# Mouse noises/squeeks and expression.



## Hali (Mar 2, 2011)

I came in on my two male mice and one was chasing the other around his cage, the one that was being chased was making an extremely high squeaking noise that sounded almost distressed. I went to separate them and when I grabbed him he made the distressed noise again.

my question is am I right about the noise being distress? or could I just be misinterpreting it? my mice normally only make little chirping/clicking noises.
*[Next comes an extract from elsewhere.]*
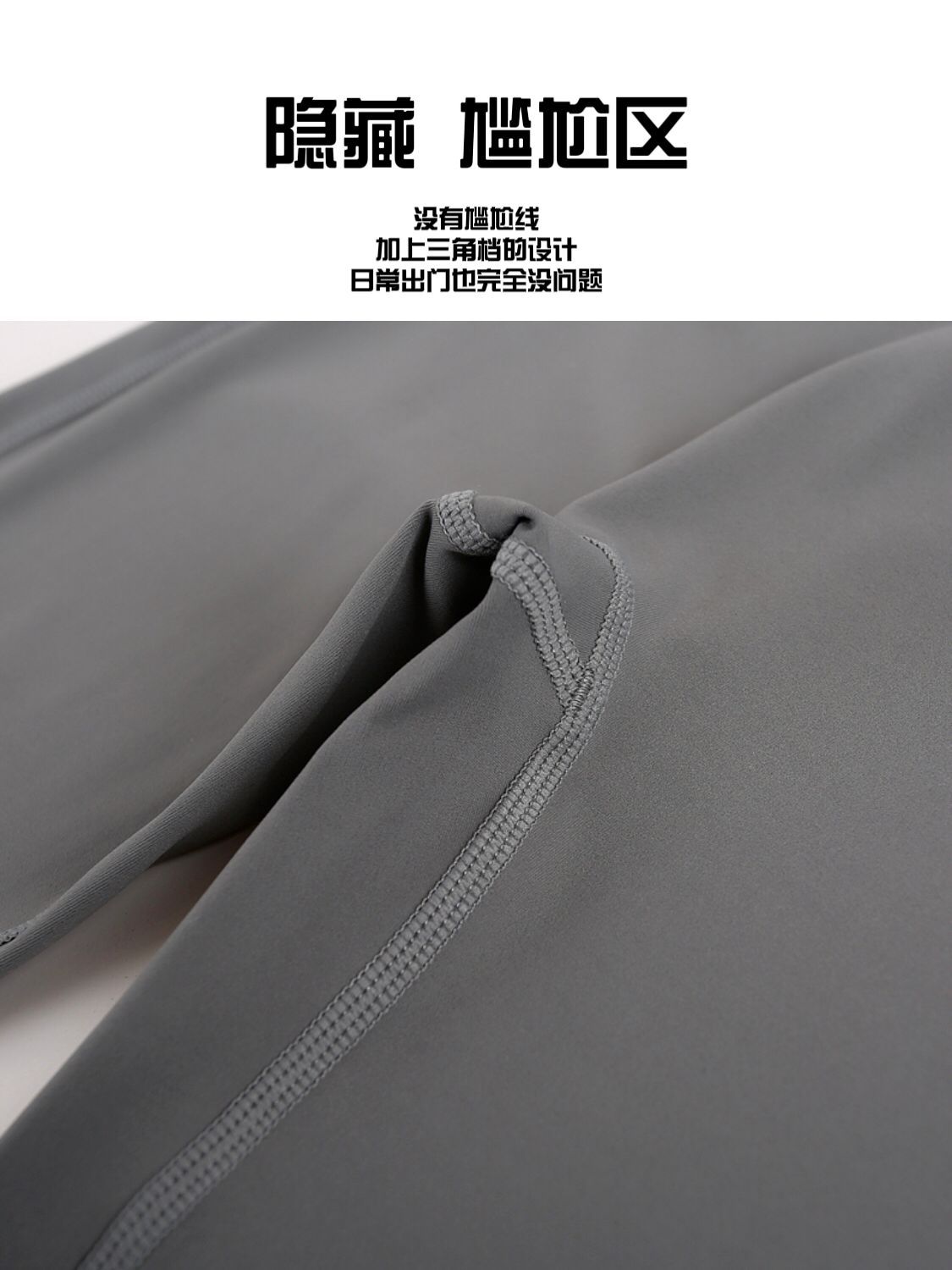 微信图片_20240804172721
if it is distress is the mouse being bullied? should I separate them?


----------



## geordiesmice (Oct 26, 2010)

They are defintely two Bucks and not a Doe and Buck because He chases her and she can squeek when there mating  .If there fighting blood being drawn yes seperate them Bucks are territorial one minute they can be fine next and all hell breaks loose.I have had two Brothers squabble but it stopped there still together but if you seperate them never put them back together or it will start in earnest again.I would imagine the squeeling is because its getting chased and maybe bitten check it for marks.


----------



## racingmouse (Jan 12, 2011)

geordie is right. How old are they? males can fall out like this at any time and constant chasing and `tail nipping` are signs that one male is bullying the other. This can escalate into serious bite wounds and stress a mouse so much it can kill him. If you hav`nt already seperated them and this is still going on, do it now. Don`t hesitate. Set up another cage or tank/RUB/BIN for the other male and let them settle down. Single males do need more interaction from you, so make sure they get more play-times. They will need a wheel each too.

How are they now?


----------



## Hali (Mar 2, 2011)

I separated them, I just went to petsmart and got a 10 dollar reptile cage for the other mouse and he seems to be much happier on his own. he also seems less timid when I play with him so I think the other mouse has been bullying him for quite a while now.


----------



## racingmouse (Jan 12, 2011)

It`s for the best really because males can inflict real injury on one another. Single males do become more social with their owners, so do make sure both get individual play-times and cuddles!


----------